=== Data ===
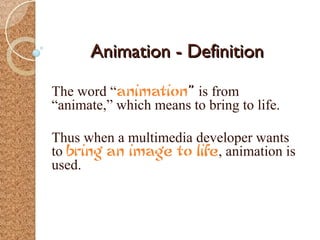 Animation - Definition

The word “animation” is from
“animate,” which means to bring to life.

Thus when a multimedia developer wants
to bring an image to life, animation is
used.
===
=== Data ===
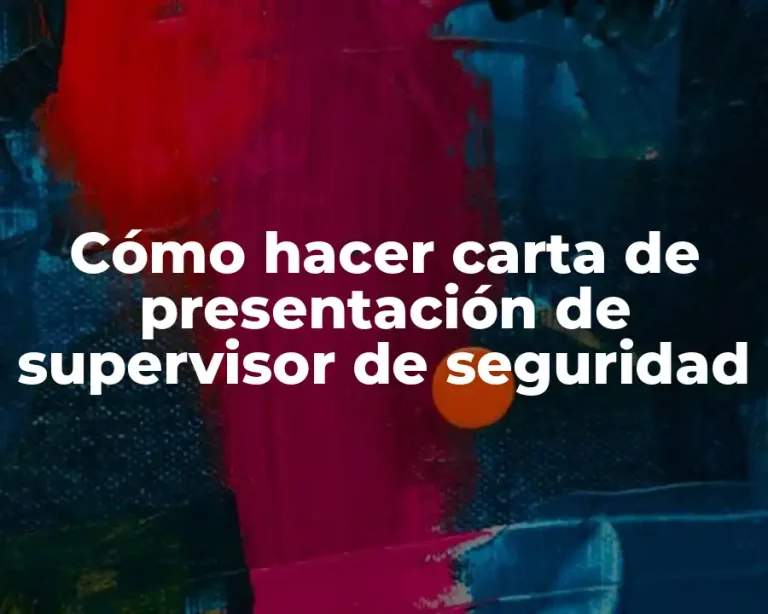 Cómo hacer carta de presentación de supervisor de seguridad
===
Work item => Search the material above for "bring". Pull out each line where it shows up.

Task answer =>
“animate,” which means to bring to life.
to bring an image to life, animation is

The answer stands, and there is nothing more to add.